Before forming The Doors, Morrison was in love with Mary, whom he met on the beach in Clearwater, FL, while he was a student at St. Petersburg Junior College and she was still in high school. They were together for three years, even after Jim moved to Los Angeles. She followed him, but they broke up shortly after.
Still, they stayed in touch. Werbelow gave a rare interview to the St. Petersburg Times in 2005 and said that Jim told her she was the inspiration for his songs.
“The first three albums are about you,” Werbelow says Morrison told her in 1969, before the release of The Soft Parade, The Doors’ fourth LP. “Didn’t you know that?”
The pre-Doors romance with Mary has always been intriguing to me, as nothing suggests she shared his reading habits. It is facile to suggest that dissolute visionaries like Morrison just need a homebody to keep them anchored to the Earth. Maybe it’s more accurate to say that Morrison, a dissolute visionary, needed homebody Mary Werbelow to keep him anchored to the Earth.
Either way, “The Crystal Ship,” when seen through the lens of Morrison’s move to Fantastic L.A. and his parting with Mary, is as sad and inevitable a breakup song as the more-famous “The End.” It’s also more powerful, I think.
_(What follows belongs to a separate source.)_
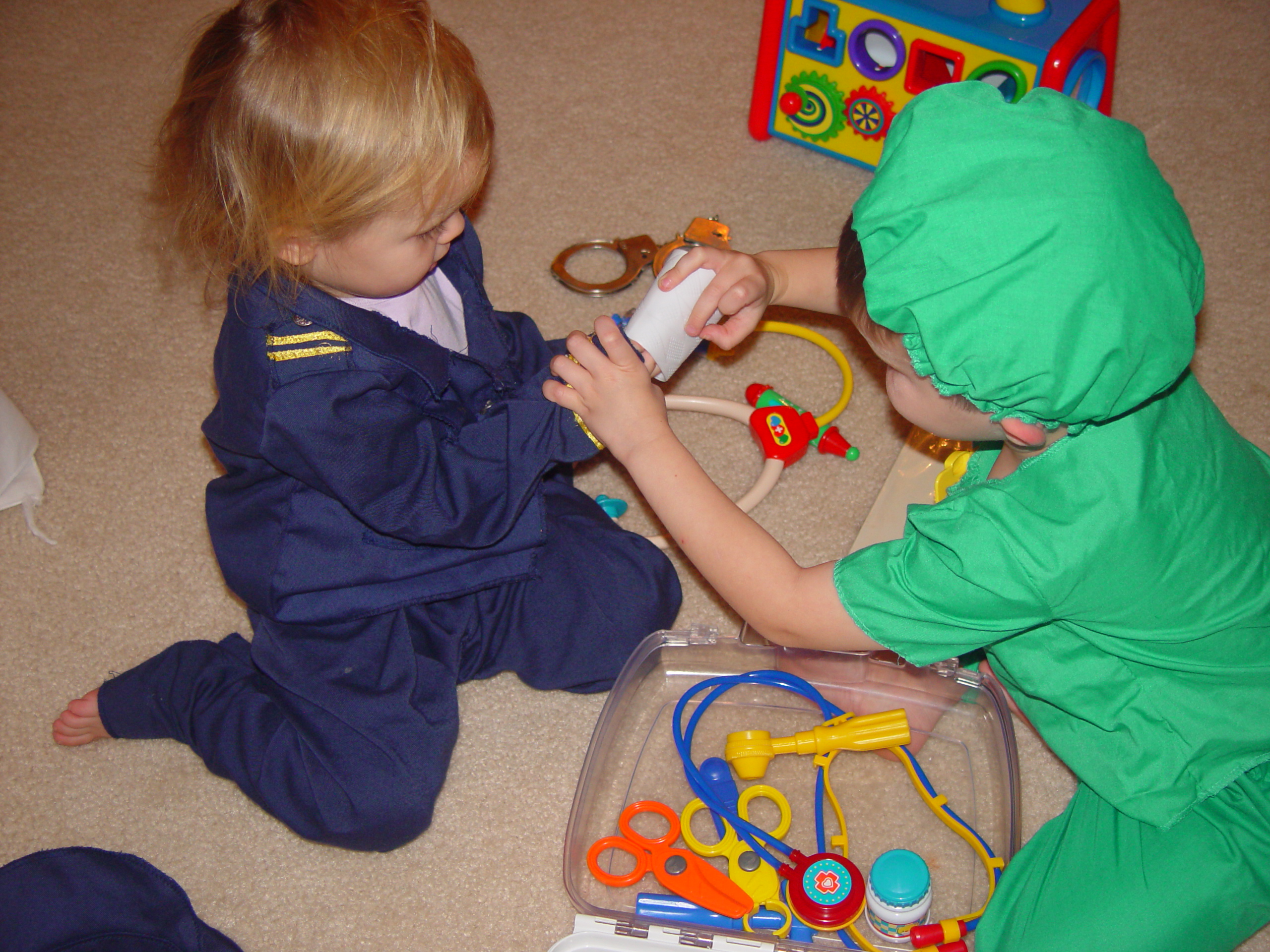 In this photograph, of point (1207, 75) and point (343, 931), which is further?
point (1207, 75)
It’s wistful, helpless, and a little vindictive (“When we get back, I’ll drop a line”), too.
“The Crystal Ship” by The Doors
Year: 1967
Composed by: Jim Morrison
Lyrics
Before you slip into unconsciousness
I’d like to have another kiss
Another flashing chance at bliss
Another kiss, another kiss
The days are bright and filled with pain
Enclose me in your gentle rain
The time you ran was too insane
We’ll meet again, we’ll meet again
Oh tell me where your freedom lies
The streets are fields that never die
Deliver me from reasons why
You’d rather cry, I’d rather fly
The crystal ship is being filled
A thousand girls, a thousand thrills
A million ways to spend your time
When we get back, I’ll drop a line
2 comments
I first discovered The Doors courtesy some older kids who wore camouflage and what they insisted were combat boots to show their difference and diffidence. (This was the Eighties, so they were only seen as weird, not terrorists.)
It’s difficult to describe the effect The Doors had on me: surreal in the waking dream, outside of time, powerfully sad. I remember The Crystal Ship as a powerful enigma and more haunting than their other songs. Like a kid I tried to make literal sense of the words, but now get he was writing a tone poem with emotions, the words only markers.
I remember a passage from “No One Here Gets Out Alive” where Jim is described as the perfect Southern gentleman, polite and self-effacing, a charmer to the old folks, which surprised them. He drank and drugged himself stupid and eventually dead, but I think that was only a defense. The kind of love he wrote about was why I stayed away from it then–it’s dangerous.
His fragile eggshell mind was broken indeed. He could never put it together again.
Thank you for this remembrance.
Author
I also liked that he was so courtly and respectful of his elders in the pre-Lizard King days.